* [BRIEF]:
Everything in the records below from the line containing "a light that" through the line containing "Snow falls in" is to be reproduced exactly, those two lines included; no picture is to be copied.
++++ DATA TO USE
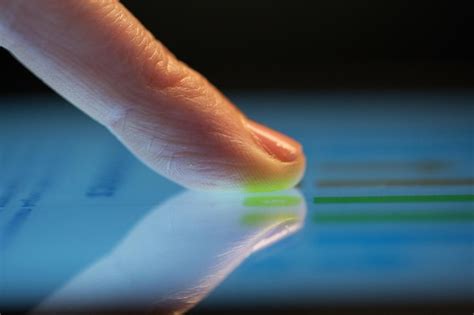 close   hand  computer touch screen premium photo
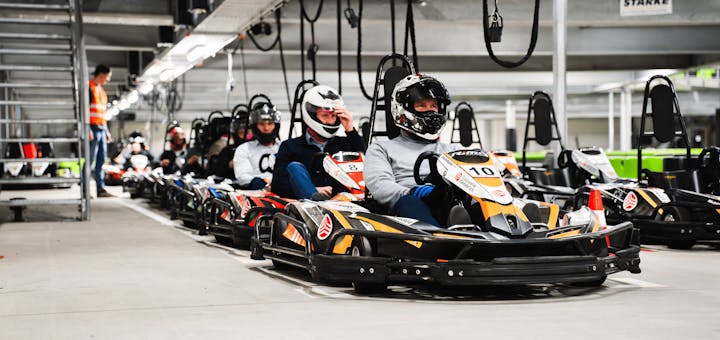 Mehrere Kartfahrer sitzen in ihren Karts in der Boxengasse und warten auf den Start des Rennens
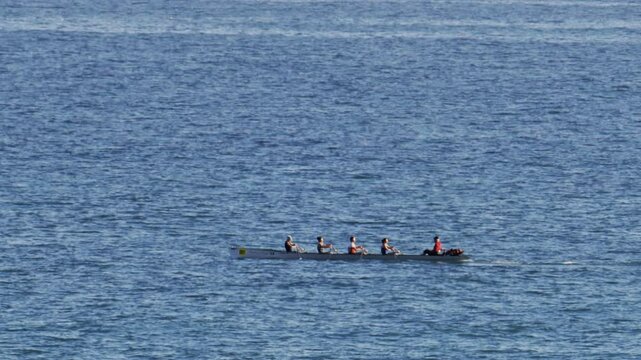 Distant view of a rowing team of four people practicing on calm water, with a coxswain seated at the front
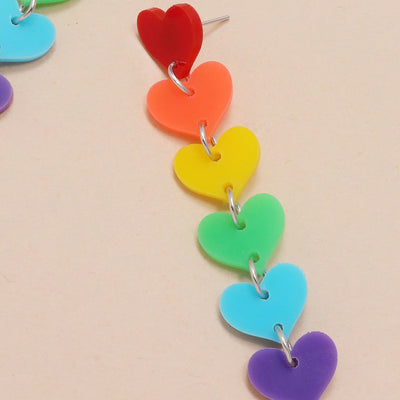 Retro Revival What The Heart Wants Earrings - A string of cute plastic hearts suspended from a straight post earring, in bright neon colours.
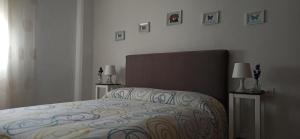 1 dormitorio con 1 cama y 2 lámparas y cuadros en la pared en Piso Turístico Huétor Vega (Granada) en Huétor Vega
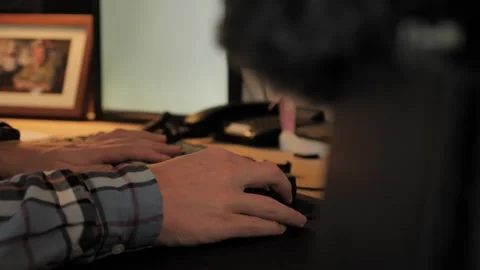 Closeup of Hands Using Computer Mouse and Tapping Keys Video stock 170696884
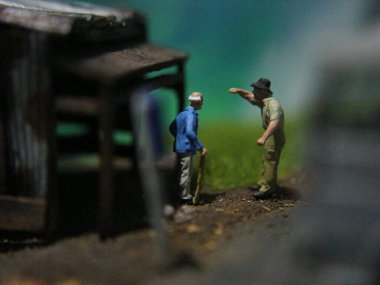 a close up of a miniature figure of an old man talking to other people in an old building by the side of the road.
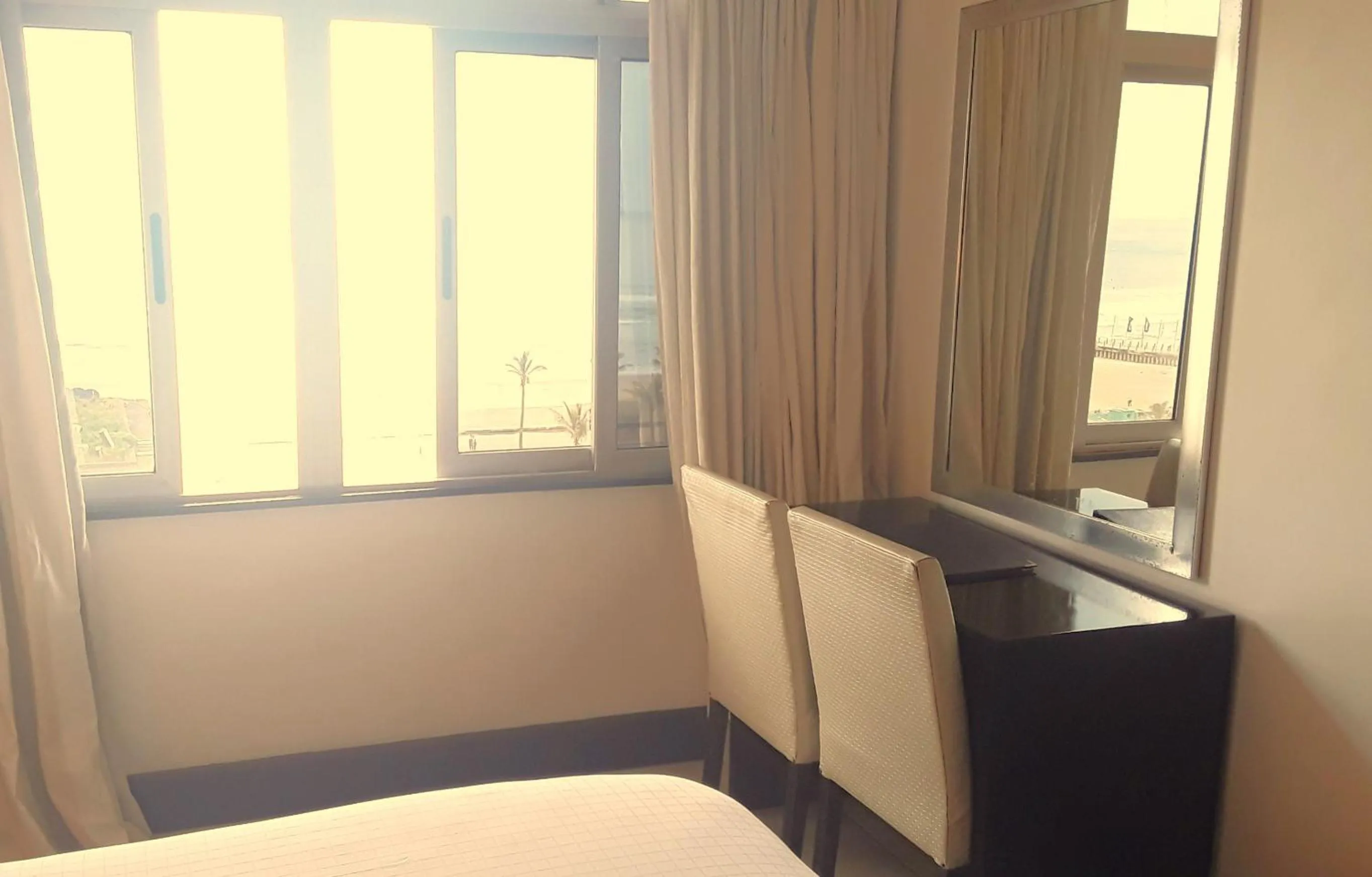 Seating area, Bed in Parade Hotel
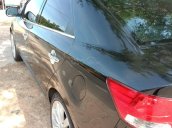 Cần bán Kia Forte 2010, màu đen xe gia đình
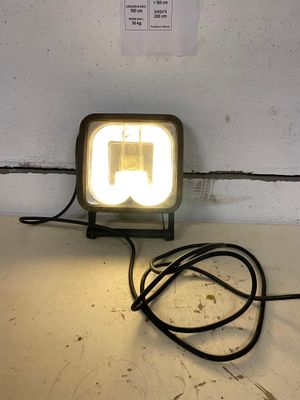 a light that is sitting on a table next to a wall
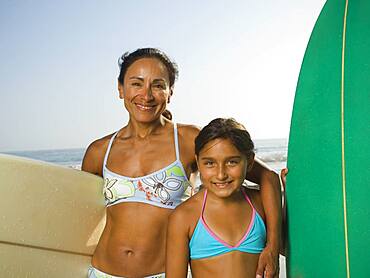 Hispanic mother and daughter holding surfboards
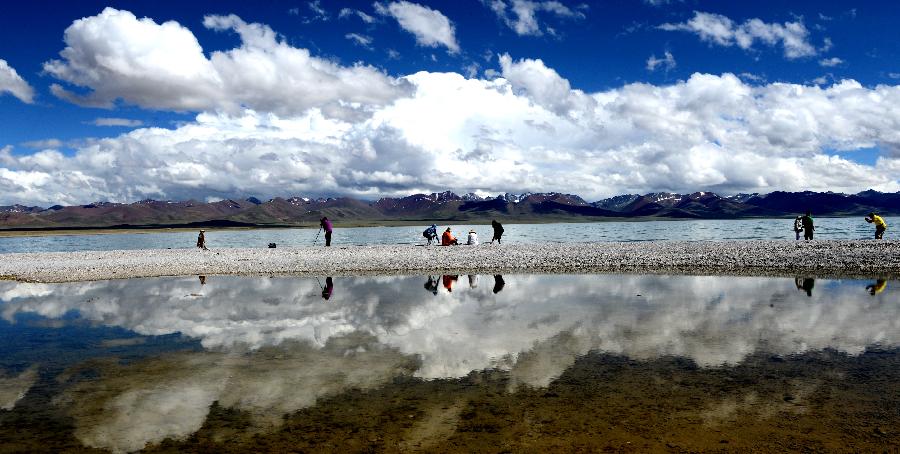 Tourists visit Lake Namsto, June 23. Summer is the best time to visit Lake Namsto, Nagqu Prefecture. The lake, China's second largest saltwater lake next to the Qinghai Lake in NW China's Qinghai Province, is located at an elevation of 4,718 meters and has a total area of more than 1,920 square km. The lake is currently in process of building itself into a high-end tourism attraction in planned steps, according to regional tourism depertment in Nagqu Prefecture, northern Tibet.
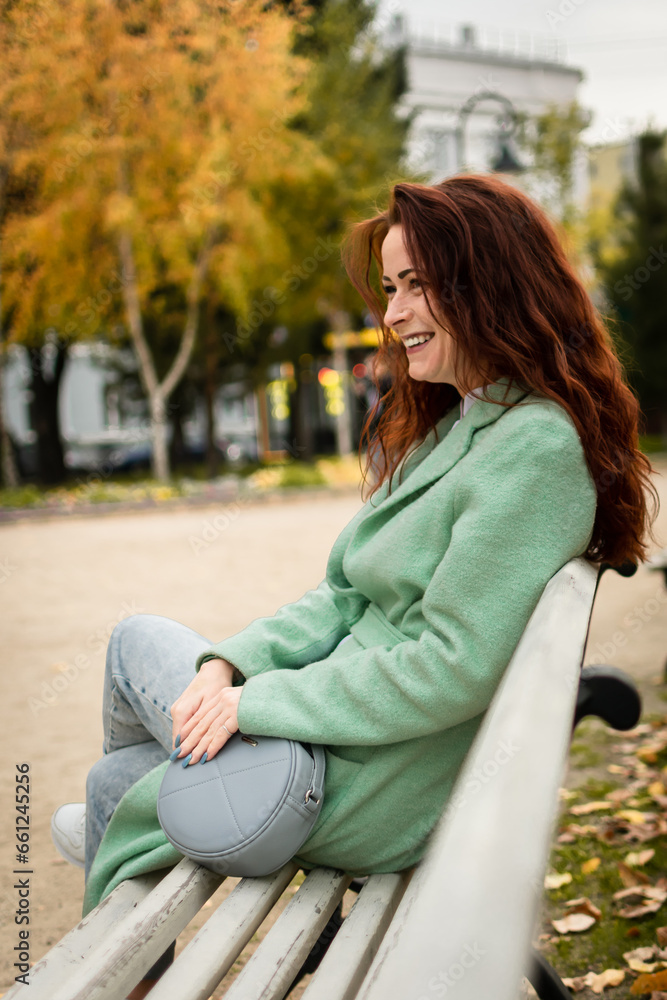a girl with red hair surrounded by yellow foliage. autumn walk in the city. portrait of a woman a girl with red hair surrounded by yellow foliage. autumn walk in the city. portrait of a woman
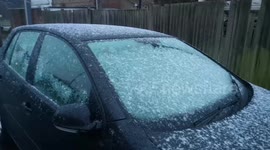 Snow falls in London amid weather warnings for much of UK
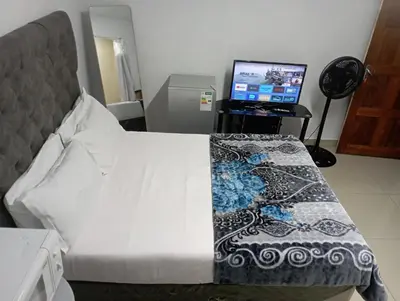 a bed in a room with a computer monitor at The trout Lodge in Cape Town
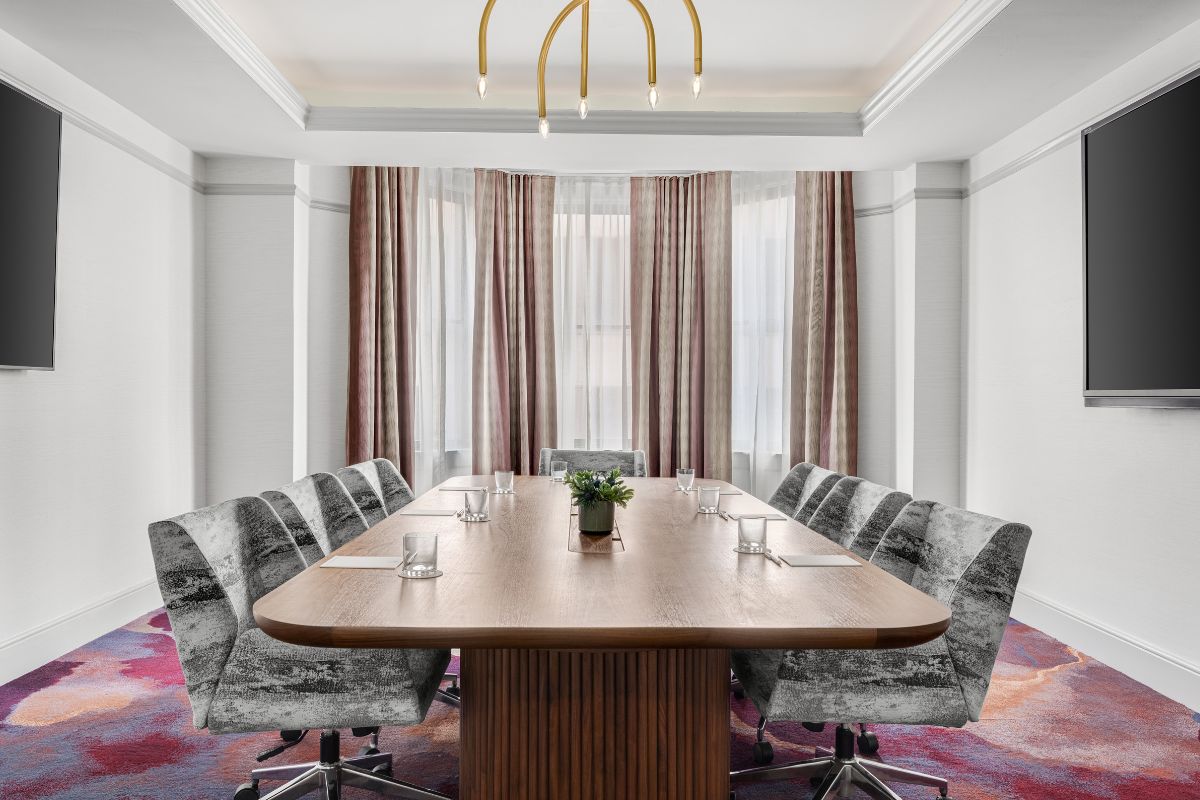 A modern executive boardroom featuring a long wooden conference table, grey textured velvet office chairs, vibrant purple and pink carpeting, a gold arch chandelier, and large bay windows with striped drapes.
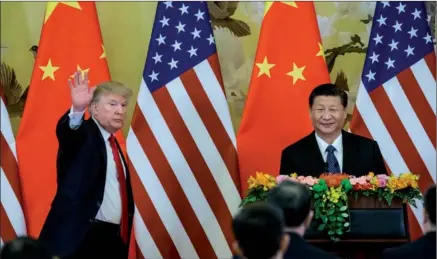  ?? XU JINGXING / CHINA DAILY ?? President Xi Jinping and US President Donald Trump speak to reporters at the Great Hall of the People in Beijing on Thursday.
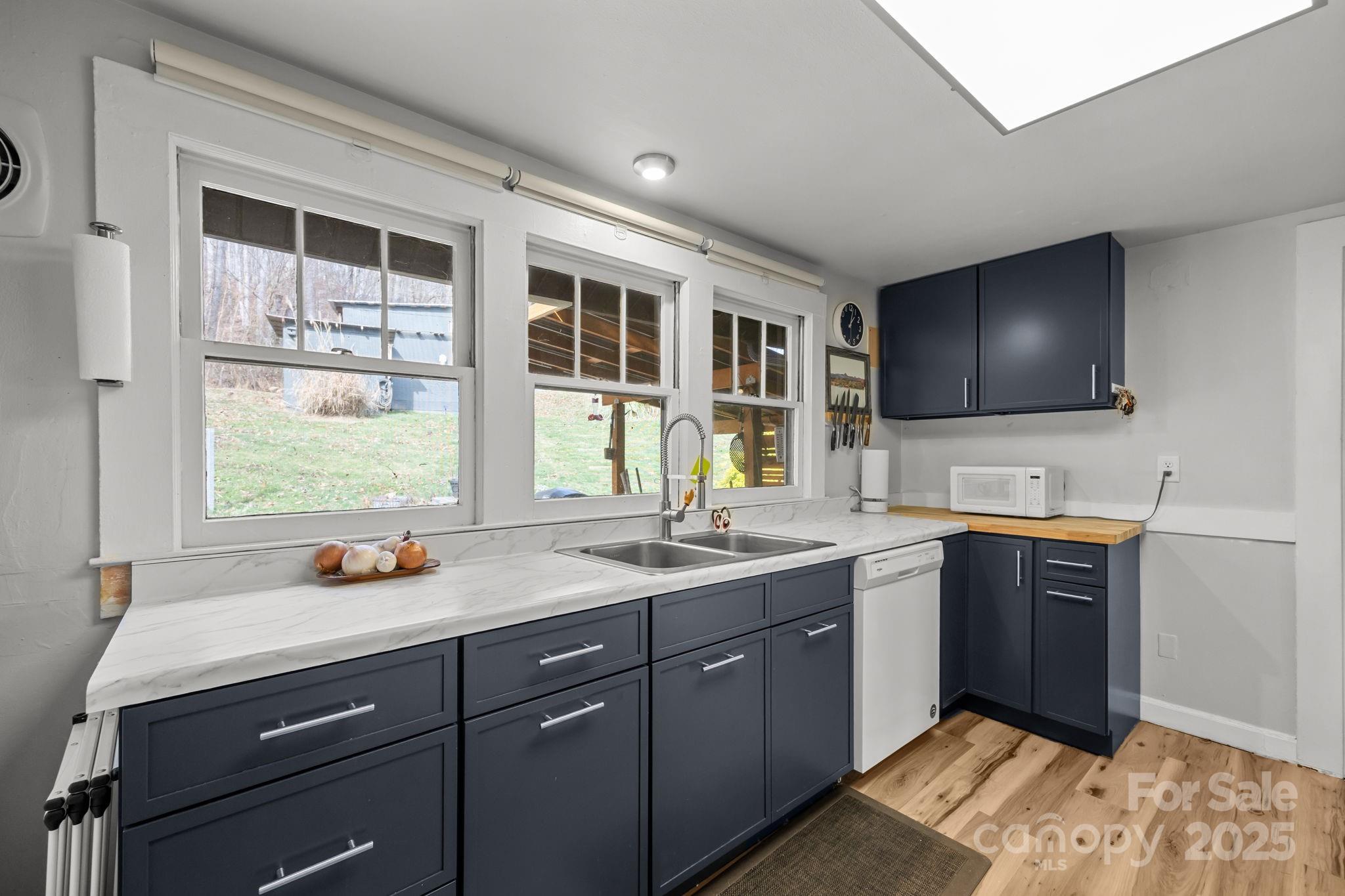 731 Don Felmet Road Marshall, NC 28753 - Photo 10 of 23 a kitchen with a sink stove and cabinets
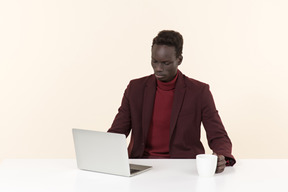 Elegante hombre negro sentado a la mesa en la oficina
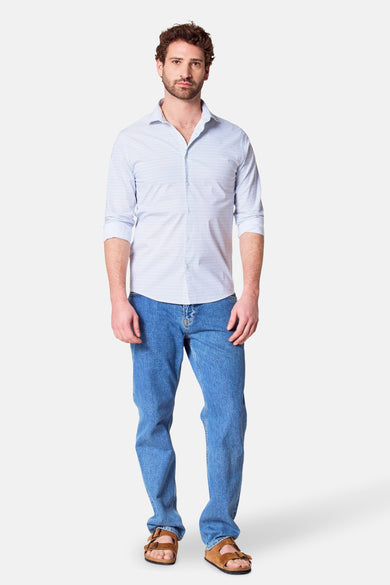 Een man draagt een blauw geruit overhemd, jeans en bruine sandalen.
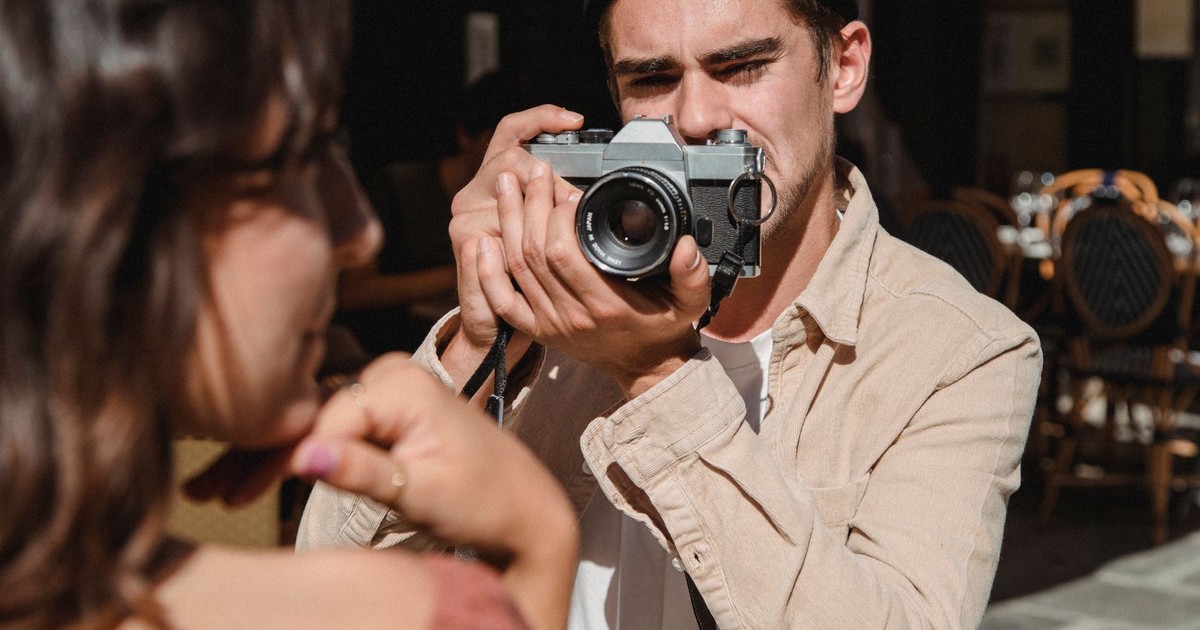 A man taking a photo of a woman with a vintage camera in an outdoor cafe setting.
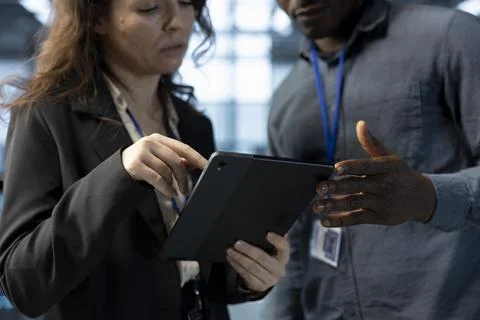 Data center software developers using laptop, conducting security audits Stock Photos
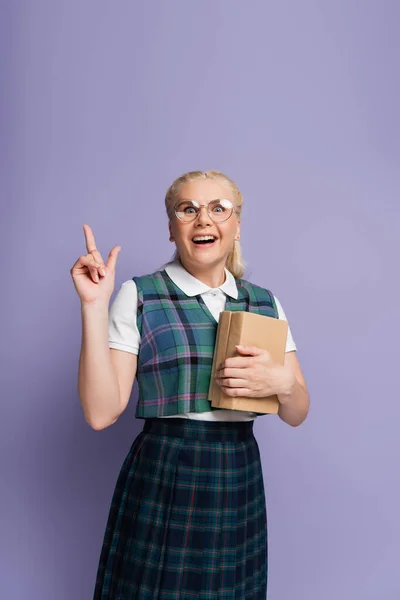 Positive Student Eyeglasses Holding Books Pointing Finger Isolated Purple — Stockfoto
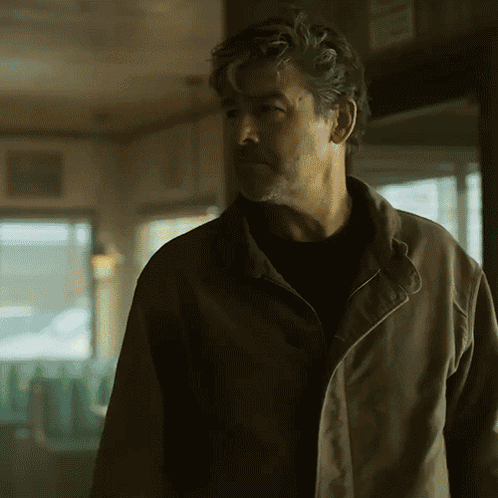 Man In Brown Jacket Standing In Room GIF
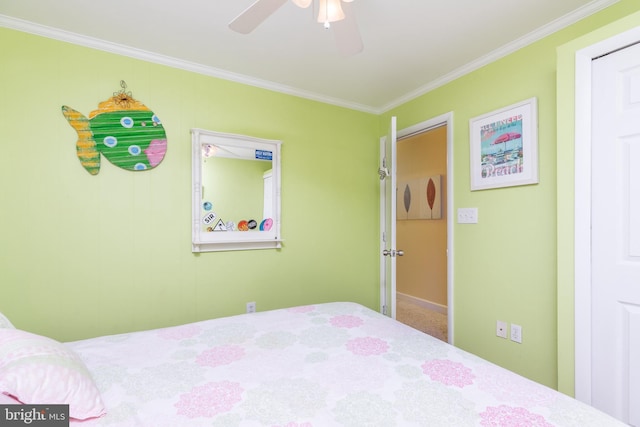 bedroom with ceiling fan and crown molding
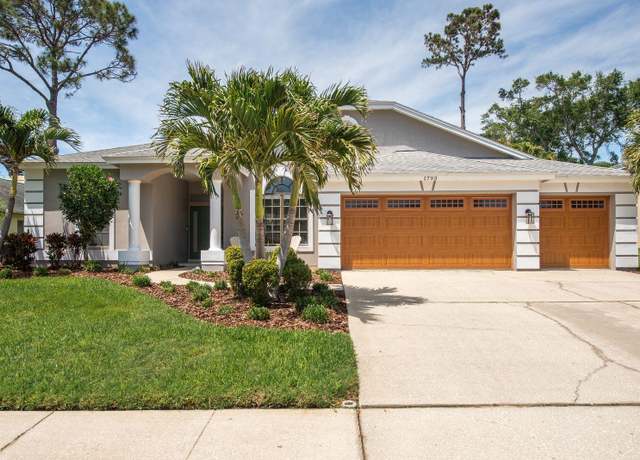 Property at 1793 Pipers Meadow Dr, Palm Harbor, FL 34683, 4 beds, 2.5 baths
++++++++
* [SOLUTION TO THIS PROBLEM]:
 a light that is sitting on a table next to a wall
 Hispanic mother and daughter holding surfboards
 Tourists visit Lake Namsto, June 23. Summer is the best time to visit Lake Namsto, Nagqu Prefecture. The lake, China's second largest saltwater lake next to the Qinghai Lake in NW China's Qinghai Province, is located at an elevation of 4,718 meters and has a total area of more than 1,920 square km. The lake is currently in process of building itself into a high-end tourism attraction in planned steps, according to regional tourism depertment in Nagqu Prefecture, northern Tibet.
a girl with red hair surrounded by yellow foliage. autumn walk in the city. portrait of a woman a girl with red hair surrounded by yellow foliage. autumn walk in the city. portrait of a woman
 Snow falls in London amid weather warnings for much of UK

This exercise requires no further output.